Vu les autres pièces du dossier.
Vu :
- le code général des impôts et le livre des procédures fiscales ;
- le code de justice administrative.
Les parties ont été régulièrement averties du jour de l'audience.
Ont été entendus au cours de l'audience publique :
- le rapport de M. A...,
- et les conclusions de Mme Boyer, rapporteur public.
Considérant ce qui suit :
1. Mme B... qui exerce une activité de galeriste à Saint Paul de Vence, a fait l'objet d'une vérification de comptabilité portant sur la période du 1er janvier 2008 au 31 décembre 2010 à l'issue de laquelle l'administration a remis en cause l'application du taux réduit de la taxe sur la valeur ajoutée. Des droits supplémentaires de taxe sur la valeur ajoutée au titre des années 2008 et 2009 ont été mis en recouvrement le 15 décembre 2014. Mme B... a demandé au tribunal administratif de Nice de prononcer, à titre principal, la décharge totale des droits supplémentaires de taxe sur la valeur ajoutée auxquels elle a été assujettie au titre des années 2008 et 2009 et, subsidiairement, la décharge partielle de ces droits pour un montant de 24 144 euros en application de la méthode " de la marge forfaitaire ", et par jugement n° 1600722 du 21 décembre 2018, le tribunal administratif de Nice a rejeté sa demande.
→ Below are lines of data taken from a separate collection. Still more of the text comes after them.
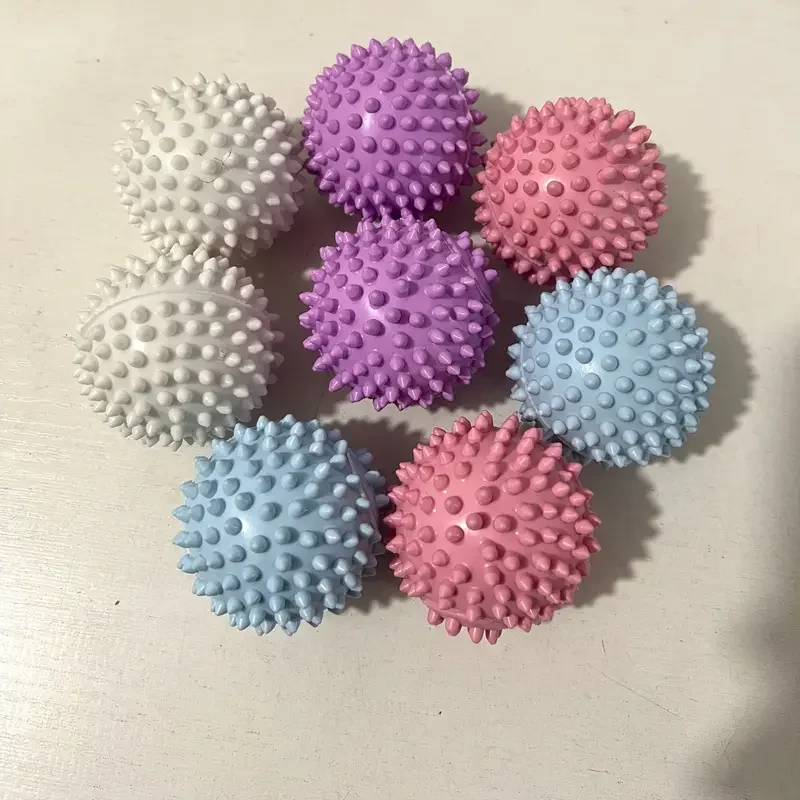 Eco-Friendly Reusable Laundry Balls (4-Pack): Hair Removal, Softening, Knot Prevention, Extra Large Size, No Electricity Needed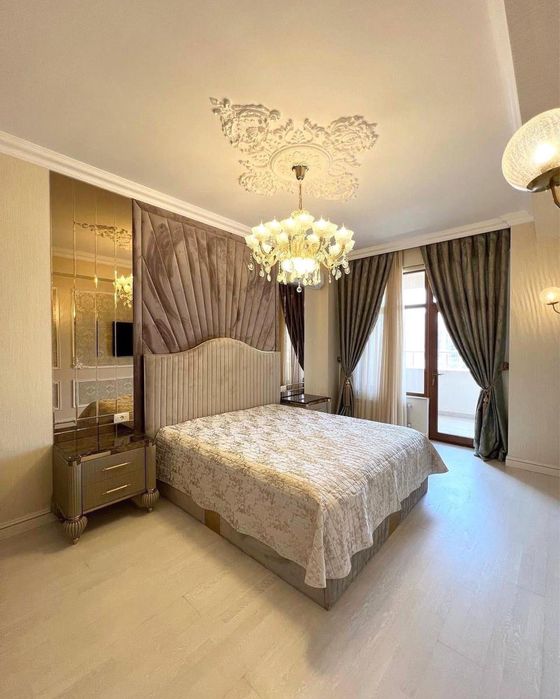 Ул, Тараса Шевченко-ГАБУС! Сдается 4-х комнатная! Дорогая классика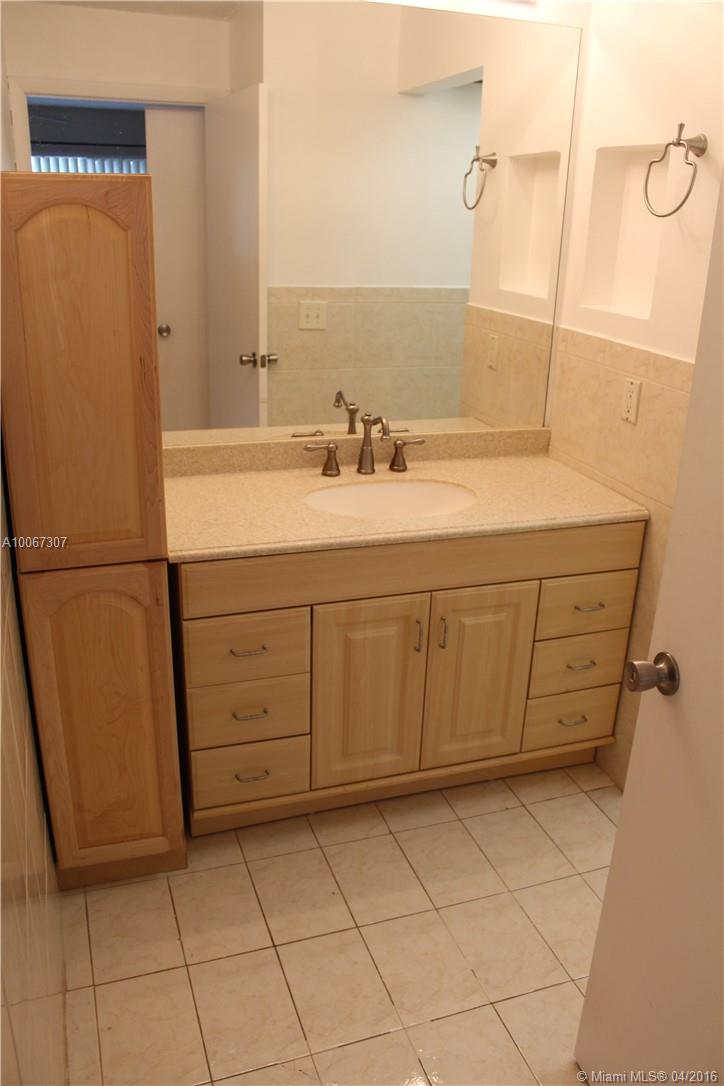 Carmel Lakes Condo - Residential Lease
C'est de ce jugement dont elle relève appel.
Sur la régularité de la procédure d'imposition :
2. Aux termes de l'article L. 59 A du livre des procédures fiscales : " La commission départementale des impôts directs et des taxes sur le chiffre d'affaires intervient lorsque le désaccord porte : / 1° Sur le montant du résultat industriel et commercial, non commercial, agricole ou du chiffre d'affaires, déterminé selon un mode réel d'imposition (...) ". Il résulte de cette disposition que la commission départementale des impôts directs et des taxes sur le chiffre d'affaires n'est compétente que lorsque le désaccord porte sur le montant du chiffre d'affaires hors taxe déterminé selon un mode réel d'imposition. En outre, elle n'est compétente que pour connaître des questions de fait, qu'il s'agisse de la matérialité des faits eux-mêmes ou de l'appréciation qu'il convient de porter sur les faits, eu égard, notamment à la situation réelle de l'entreprise ou aux pratiques du commerce ou de l'industrie auxquelles celle-ci appartient.
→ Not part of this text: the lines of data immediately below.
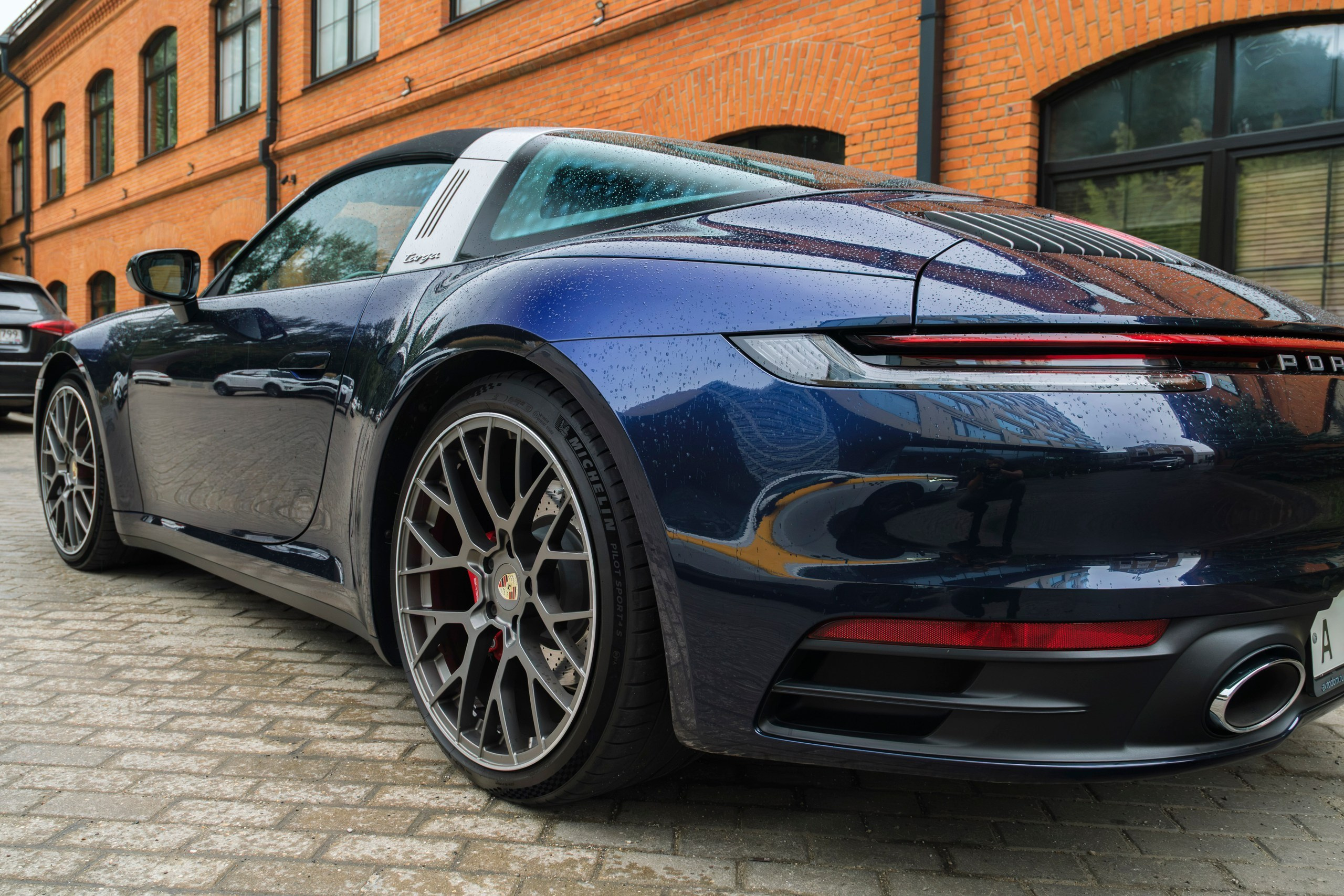 Съёмка автомобилей Porsche 911 Targa 4S и Panamera GTS. Фотограф на мероприятие в Москве — Павел Соколов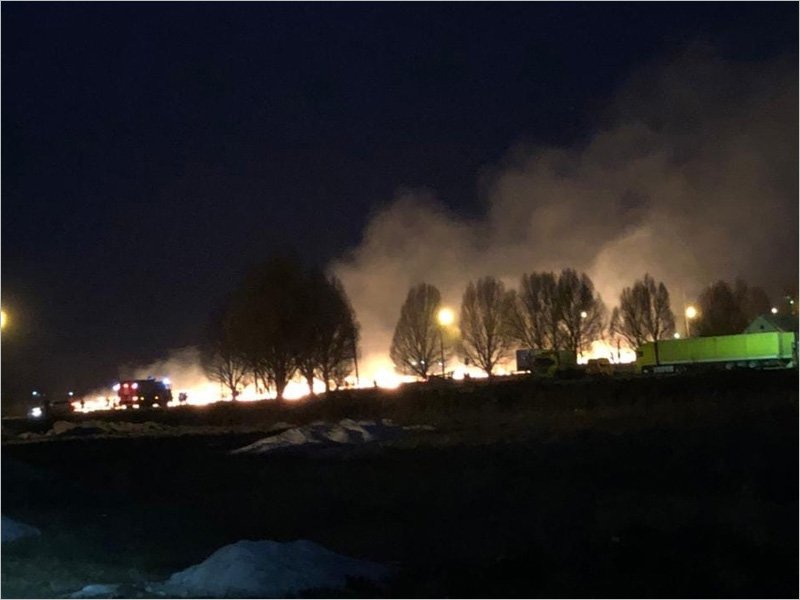 Брянские пожарные ночью тушили пылающее поле между Чайковичами и Камвольным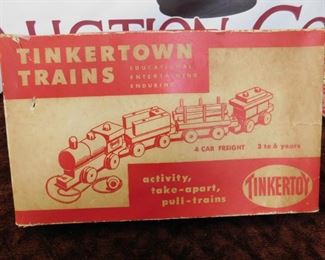 Tinkertoy Tinkertown Train Set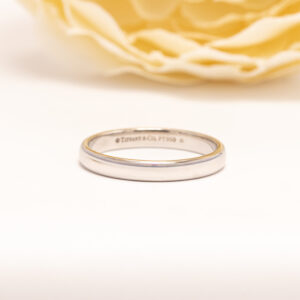 Tiffany & Co. Forever -sormus on ajaton ja pelkistetty vihkisormus, joka on valmistettu platinasta.
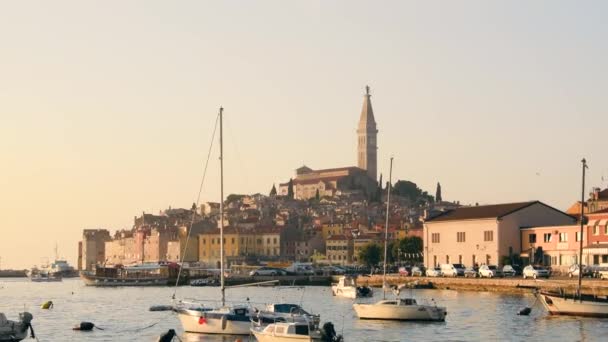 Marina de Rovinj et vue sur la ville au coucher du soleil — Video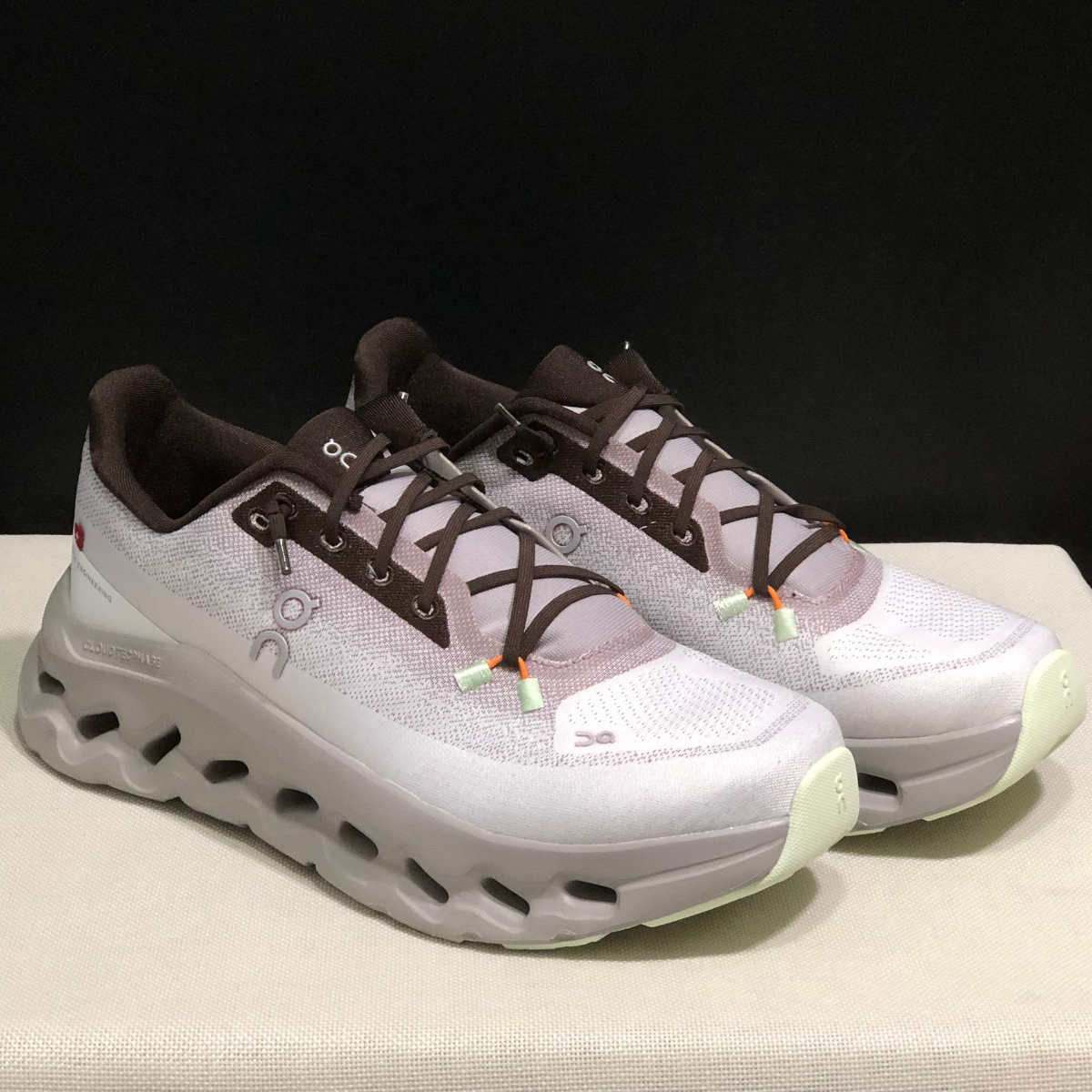 Cloudtilt - Quartz Pearl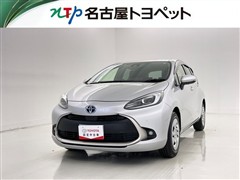 トヨタ　アクア G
3. Il résulte de l'instruction que le désaccord entre l'administration fiscale et la requérante est relatif à l'application du régime de la marge forfaitaire de 30 % sur le prix de vente fixé par le III de l'article 297 A du code général des impôts. La question de l'application du régime de marge forfaitaire est une question de droit dont la compétence échappe à la commission départementale des impôts directs et des taxes sur le chiffre d'affaires. Par suite, le moyen tiré de ce que le litige n'a pas été soumis à cette instance, en dépit de la demande exprimée par la requérante, doit être écarté.
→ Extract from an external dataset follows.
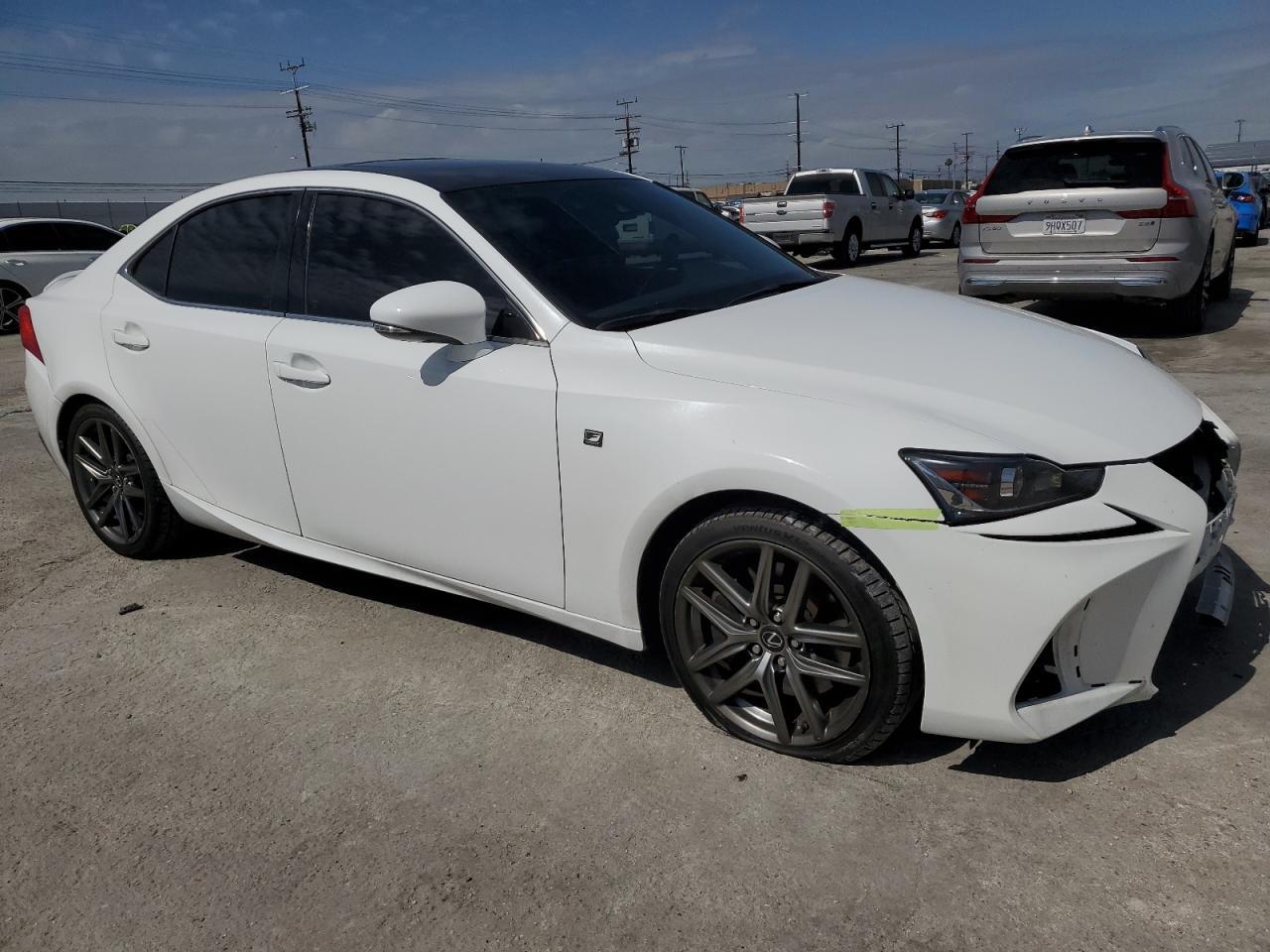 2017 LEXUS IS 350 - Фото 4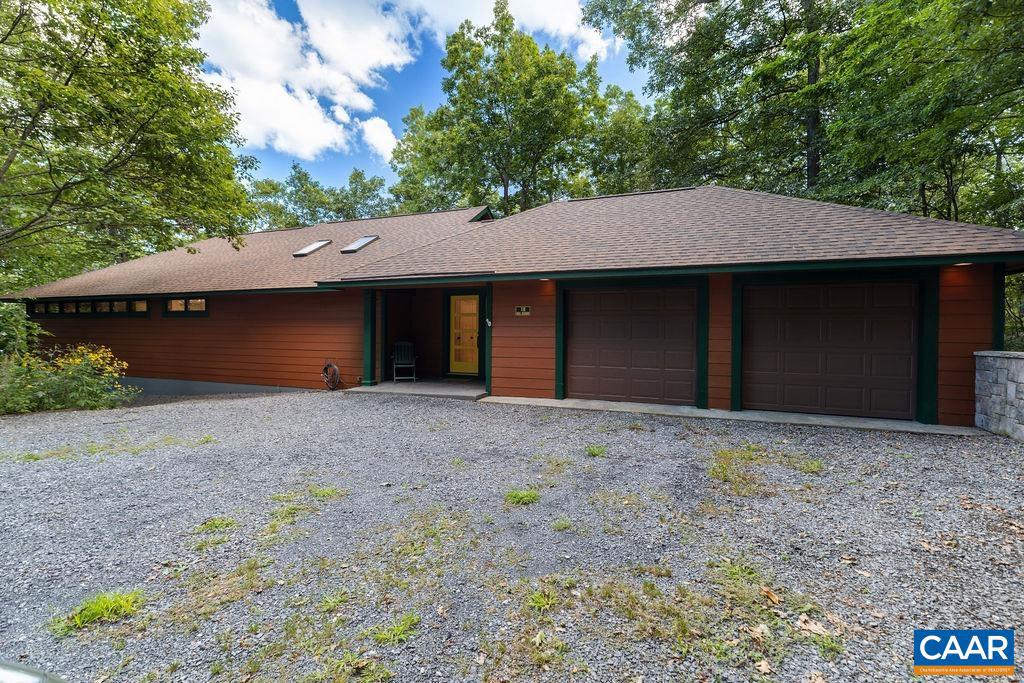 18 Grassy Overlook, Wintergreen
Sur le bien-fondé de l'imposition :
4. Aux termes de l'article 278 septies du code général des impôts, dans sa rédaction applicable à la période d'imposition en litige : " La taxe sur la valeur ajoutée est perçue au taux de 5,5 % : (...) 2° Sur les livraisons d'oeuvres d'art effectuées par leur auteur ou ses ayants droit ; 3° Sur les livraisons d'oeuvres d'art effectuées à titre occasionnel par les personnes qui les ont utilisées pour les besoins de leurs exploitations et chez qui elles ont ouvert droit à déduction de la taxe sur la valeur ajoutée ; (...) ". Aux termes de l'article 297 A du code général des impôts : " I. 1° La base d'imposition des livraisons par un assujetti revendeur de biens d'occasion, d'oeuvres d'art, d'objets de collection ou d'antiquité qui lui ont été livrés par un non redevable de la taxe sur la valeur ajoutée ou par une personne qui n'est pas autorisée à facturer la taxe sur la valeur ajoutée au titre de cette livraison est constituée de la différence entre le prix de vente et le prix d'achat (...) / III. Pour les livraisons d'oeuvres d'art, lorsqu'il n'est pas possible de déterminer avec précision le prix d'achat payé par un assujetti revendeur au vendeur ou lorsque ce prix n'est pas significatif, la base d'imposition peut être constituée par une fraction du prix de vente égale à 30 %. ".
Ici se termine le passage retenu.